===== PROVIDED RECORDS =====

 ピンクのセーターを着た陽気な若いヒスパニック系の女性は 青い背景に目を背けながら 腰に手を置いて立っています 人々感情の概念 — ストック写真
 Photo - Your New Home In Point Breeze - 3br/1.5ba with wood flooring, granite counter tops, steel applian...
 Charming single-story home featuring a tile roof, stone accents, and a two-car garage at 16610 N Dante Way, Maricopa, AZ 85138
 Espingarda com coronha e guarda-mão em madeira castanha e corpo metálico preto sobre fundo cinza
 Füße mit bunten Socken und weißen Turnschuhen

=====

§ TASK TO COMPLETE: Nothing should appear in the answer except the lines from the one with "Photo - Your" through the final line of the records, written exactly.

§ OUTPUT FOR THIS EXERCISE:
 Photo - Your New Home In Point Breeze - 3br/1.5ba with wood flooring, granite counter tops, steel applian...
 Charming single-story home featuring a tile roof, stone accents, and a two-car garage at 16610 N Dante Way, Maricopa, AZ 85138
 Espingarda com coronha e guarda-mão em madeira castanha e corpo metálico preto sobre fundo cinza
 Füße mit bunten Socken und weißen Turnschuhen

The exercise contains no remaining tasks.